Sekundäre und tertiäre Navigationsebenen, Menüs an undenkbaren Stellen, unzählige Optionen, die man aber auch auf keinen Fall wiederfindet, wenn man sie denn sucht … Es gibt einen Namen für den Prozess, der aus Webseiten Monster macht: Feature Creep oder auch Software Bloat. Das Ergebnis: Eine Website, deren UI nie dafür gedacht war, die Fülle an Features, die es zur Verfügung stellen muss, zu beherbergen. Im besten Fall ruiniert es das Design – im schlimmsten Fall macht es die Seite unübersichtlich und von der Performance her kaum benutzbar.

Aber das Interface ist nur die Spitze des Eisberges: Werden an die ursprüngliche Systemarchitektur ungeplante Features angeflanscht, hat das oft zur Folge, das viel des ursprünglichen Codes umgeschrieben werden müsste.

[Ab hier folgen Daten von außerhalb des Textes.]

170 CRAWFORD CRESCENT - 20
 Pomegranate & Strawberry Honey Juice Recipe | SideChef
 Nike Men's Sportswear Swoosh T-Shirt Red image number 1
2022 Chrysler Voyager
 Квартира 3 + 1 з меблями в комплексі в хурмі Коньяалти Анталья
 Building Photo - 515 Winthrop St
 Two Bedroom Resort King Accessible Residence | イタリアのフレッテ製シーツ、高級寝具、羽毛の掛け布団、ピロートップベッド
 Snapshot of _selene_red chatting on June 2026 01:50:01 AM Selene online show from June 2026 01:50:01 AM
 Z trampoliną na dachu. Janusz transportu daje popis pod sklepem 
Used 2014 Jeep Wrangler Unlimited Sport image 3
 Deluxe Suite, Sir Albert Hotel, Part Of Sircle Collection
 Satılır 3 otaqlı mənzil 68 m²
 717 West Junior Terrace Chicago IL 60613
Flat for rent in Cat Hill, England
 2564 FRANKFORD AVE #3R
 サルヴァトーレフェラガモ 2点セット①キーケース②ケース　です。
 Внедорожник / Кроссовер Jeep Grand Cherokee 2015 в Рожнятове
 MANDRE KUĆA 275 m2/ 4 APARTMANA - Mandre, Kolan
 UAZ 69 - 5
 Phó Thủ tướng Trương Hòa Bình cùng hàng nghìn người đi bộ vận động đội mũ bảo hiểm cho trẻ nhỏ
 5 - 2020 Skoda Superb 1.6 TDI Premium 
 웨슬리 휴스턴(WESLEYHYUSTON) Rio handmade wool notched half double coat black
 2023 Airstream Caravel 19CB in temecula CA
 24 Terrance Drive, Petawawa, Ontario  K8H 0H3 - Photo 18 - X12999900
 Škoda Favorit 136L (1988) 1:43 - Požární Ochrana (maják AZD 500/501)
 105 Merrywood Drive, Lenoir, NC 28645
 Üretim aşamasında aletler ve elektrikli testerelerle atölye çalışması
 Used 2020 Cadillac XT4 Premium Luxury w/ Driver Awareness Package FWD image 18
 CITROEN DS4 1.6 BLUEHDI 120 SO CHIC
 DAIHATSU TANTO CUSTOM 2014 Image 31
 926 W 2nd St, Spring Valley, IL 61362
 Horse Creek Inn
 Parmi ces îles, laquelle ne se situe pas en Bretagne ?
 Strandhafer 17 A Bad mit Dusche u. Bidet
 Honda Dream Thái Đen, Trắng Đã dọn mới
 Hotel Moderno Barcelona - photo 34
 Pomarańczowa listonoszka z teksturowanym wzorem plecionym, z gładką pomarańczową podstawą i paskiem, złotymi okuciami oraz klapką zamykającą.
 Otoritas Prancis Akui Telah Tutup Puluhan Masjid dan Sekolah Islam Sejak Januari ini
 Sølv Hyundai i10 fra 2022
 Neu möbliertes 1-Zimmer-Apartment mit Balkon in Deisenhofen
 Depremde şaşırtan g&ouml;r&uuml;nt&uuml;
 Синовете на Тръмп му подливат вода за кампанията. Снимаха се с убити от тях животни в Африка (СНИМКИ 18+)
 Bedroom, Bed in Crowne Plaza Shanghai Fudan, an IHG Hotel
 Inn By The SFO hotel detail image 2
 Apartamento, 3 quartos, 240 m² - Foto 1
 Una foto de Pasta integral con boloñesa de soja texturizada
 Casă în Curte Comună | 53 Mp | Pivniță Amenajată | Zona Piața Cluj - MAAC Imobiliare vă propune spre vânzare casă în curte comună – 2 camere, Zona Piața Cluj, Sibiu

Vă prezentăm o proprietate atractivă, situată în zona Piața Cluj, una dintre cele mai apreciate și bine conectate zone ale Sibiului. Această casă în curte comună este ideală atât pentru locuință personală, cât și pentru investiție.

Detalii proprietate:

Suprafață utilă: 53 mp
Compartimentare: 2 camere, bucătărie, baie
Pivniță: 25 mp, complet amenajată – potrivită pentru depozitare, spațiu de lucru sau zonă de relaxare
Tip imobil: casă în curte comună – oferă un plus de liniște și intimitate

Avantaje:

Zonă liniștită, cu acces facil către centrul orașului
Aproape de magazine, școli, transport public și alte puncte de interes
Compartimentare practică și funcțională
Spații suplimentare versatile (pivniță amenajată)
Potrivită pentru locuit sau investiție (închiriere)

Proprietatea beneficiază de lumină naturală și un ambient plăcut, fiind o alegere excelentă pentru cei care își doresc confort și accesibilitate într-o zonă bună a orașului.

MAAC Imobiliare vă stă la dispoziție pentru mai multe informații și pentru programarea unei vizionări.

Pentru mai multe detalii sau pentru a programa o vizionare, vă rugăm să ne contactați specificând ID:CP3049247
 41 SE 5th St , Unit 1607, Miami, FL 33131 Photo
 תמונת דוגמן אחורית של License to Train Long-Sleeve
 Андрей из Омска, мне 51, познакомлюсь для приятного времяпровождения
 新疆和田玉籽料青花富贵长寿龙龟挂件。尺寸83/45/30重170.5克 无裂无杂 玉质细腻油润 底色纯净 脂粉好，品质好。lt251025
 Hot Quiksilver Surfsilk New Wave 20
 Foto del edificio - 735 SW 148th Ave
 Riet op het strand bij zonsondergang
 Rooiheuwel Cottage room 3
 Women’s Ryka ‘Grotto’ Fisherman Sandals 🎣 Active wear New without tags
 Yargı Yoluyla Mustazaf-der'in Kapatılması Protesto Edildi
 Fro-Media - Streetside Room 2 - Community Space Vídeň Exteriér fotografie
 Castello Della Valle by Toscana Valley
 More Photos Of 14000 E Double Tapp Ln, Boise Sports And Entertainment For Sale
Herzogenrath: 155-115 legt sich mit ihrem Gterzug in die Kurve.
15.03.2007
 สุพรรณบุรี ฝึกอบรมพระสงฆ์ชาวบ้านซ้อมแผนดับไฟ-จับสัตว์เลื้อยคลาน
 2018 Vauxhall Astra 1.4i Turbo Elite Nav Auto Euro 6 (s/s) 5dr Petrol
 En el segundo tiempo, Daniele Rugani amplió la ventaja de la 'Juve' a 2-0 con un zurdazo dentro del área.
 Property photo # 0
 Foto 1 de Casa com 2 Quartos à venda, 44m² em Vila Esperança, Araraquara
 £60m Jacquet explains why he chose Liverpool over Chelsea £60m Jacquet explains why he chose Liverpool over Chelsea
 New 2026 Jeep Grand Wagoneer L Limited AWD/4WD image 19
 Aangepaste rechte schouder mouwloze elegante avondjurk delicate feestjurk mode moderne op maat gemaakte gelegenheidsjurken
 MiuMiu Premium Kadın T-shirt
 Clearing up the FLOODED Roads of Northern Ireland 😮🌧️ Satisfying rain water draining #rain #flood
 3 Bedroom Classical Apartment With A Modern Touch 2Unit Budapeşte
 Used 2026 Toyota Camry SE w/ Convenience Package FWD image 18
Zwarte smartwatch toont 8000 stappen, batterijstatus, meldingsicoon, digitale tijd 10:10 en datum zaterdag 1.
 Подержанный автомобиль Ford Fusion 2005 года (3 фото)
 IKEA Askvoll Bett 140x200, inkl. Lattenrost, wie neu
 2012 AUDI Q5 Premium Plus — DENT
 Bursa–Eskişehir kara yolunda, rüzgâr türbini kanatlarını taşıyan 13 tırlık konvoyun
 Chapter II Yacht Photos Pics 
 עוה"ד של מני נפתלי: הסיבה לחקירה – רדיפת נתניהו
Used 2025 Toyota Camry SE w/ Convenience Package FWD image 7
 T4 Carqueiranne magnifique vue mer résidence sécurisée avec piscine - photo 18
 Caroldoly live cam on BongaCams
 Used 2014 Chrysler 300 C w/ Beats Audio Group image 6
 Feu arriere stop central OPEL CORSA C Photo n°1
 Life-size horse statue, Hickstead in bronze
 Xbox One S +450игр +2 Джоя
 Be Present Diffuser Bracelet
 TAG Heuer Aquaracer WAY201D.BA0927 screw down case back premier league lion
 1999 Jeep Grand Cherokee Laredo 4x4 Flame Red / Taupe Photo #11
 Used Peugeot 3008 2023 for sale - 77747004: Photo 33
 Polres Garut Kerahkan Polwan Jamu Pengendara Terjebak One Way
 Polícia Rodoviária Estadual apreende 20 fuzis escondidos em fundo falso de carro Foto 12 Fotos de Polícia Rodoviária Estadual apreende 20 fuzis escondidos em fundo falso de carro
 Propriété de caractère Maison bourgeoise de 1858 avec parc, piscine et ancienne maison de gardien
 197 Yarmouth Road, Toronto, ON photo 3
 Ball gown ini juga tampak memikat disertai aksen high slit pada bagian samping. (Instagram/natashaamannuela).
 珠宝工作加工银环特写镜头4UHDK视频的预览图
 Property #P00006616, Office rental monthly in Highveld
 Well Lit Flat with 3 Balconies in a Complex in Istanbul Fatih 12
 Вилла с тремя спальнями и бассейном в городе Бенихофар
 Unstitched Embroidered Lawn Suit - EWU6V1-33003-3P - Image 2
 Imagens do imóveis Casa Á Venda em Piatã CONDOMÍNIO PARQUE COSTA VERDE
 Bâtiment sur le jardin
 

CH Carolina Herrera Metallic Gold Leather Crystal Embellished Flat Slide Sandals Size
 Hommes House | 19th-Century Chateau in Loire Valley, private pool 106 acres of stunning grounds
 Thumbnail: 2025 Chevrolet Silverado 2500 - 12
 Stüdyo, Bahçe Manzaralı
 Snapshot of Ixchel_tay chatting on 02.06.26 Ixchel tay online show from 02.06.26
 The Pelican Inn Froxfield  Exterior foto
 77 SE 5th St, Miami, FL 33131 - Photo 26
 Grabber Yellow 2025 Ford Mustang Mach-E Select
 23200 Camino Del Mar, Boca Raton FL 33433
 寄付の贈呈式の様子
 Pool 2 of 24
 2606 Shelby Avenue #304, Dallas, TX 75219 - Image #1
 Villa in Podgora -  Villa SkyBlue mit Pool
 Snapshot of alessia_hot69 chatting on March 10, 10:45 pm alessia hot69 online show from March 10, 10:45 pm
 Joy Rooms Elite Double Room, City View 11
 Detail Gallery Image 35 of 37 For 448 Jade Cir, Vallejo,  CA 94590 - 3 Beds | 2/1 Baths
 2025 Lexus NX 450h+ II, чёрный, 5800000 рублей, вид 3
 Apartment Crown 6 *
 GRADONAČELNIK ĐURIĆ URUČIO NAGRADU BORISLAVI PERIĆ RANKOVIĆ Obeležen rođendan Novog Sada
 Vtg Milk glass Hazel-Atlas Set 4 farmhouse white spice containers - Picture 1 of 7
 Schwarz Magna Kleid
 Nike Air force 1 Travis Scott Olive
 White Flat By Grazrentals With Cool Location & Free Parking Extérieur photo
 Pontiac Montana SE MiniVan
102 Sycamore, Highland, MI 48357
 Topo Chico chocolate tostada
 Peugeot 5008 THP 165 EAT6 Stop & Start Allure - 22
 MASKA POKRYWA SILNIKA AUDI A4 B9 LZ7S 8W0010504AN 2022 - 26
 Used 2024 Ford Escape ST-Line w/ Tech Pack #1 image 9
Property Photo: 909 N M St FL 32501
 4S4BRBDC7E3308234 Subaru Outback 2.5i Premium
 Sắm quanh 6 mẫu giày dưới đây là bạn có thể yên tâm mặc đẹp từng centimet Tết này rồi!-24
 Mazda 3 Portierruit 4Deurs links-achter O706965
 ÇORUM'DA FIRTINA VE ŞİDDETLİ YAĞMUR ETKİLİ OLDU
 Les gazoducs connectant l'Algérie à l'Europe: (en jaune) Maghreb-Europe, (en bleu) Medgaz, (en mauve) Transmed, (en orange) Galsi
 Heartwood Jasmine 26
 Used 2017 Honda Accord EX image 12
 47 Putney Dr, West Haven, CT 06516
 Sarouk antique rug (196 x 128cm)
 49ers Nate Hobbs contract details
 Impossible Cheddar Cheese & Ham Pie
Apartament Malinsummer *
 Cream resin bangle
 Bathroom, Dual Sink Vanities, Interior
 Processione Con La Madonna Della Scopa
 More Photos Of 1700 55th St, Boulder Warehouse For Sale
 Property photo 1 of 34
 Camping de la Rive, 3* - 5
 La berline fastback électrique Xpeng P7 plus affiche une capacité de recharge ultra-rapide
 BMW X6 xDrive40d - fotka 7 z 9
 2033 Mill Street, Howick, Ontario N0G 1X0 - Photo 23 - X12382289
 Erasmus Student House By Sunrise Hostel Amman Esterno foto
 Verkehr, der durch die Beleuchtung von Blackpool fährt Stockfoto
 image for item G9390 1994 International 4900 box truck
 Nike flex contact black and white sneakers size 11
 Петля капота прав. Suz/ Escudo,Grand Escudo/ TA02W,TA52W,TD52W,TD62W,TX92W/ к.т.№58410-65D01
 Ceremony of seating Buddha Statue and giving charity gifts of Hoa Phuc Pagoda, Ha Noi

Wenn das der Kundschaft zu teuer ist – und das ist es meistens – führt das zu unschönen Hacks, um Feature Z.327b doch noch umzusetzen. Das wiederum zieht Wartungsprobleme bis hin zur Unwartbarkeit mit sich. Eigentlich kleine Änderungen brauchen lange Entwicklungszeit und werden deswegen richtig teuer.

Klingt unattraktiv? Ist es. Auf allen Seiten. Leider gibt es kein Patentrezept gegen Feature Creep, außer eine sehr rigorose Projektleitung, die irgendwann die Notbremse zieht. Keine Features sind allerdings auch keine Lösung.

Was hilft bei Feature Creep?

  1. Klare Kommunikation: Teilen Sie Ihrer Agentur von Anfang an mit, wenn Sie Erweiterungsmöglichkeiten für die Website sehen, die aber aus Budget- oder Zeitgründen in der initialen Entwicklung nicht umgesetzt werden können. Die Architektur und das Design können dann so angelegt werden, dass sie zusätzliche Funktionen abbilden können.
  2. Bereitschaft, zu investieren: Wenn Sie können, lassen Sie Ihre Agentur für ein bestimmtes Feature notwendige Umbauarbeiten im Code, die das System wartbar halten, umsetzen. Auch wenn es dadurch zunächst teurer ist – die Investitionen zahlen sich letztendlich aus.
  3. Einsicht: Es wird nicht alles gehen, was Sie sich wünschen. Nein, Ihre Website kann nicht den gleichen Funktionsumfang wie Amazon haben. Ihre User werden nicht von jedem Feature so viel profitieren, dass es die Schmerzen, die es Sie und die Entwickler*innen kosten wird, wert ist. Meditieren Sie darüber. Akzeptieren Sie es.
  4. Kill it with fire: Wenn absehbar ist, dass eine Website unter Feature Creep zusammenbrechen wird, ist das einzig probate Mittel ein Relaunch. Wenn wir ein Projekt von der Pike auf neu aufsetzen, können wir alle bisherigen und noch geplanten Features mitbeachten und das System in puncto Design, Architektur und Performance von vorne herein so planen, dass es mit den Anforderungen mithält.

Wichtig ist: Feature Creep muss klar benannt und angegangen werden, denn es macht ein Projekt auf Dauer untragbar. Sprechen Sie also mit Ihrer Agentur und hören Sie im Gegenzug auch auf sie, wenn Bedenken laut werden, dass zusätzliche Features eine Website ungebührlich belasten könnten. Die Pauschallösung gibt es nicht, aber wenn es eine Lösung abseits vom Relaunch gibt, werden Sie diese nur gemeinsam finden.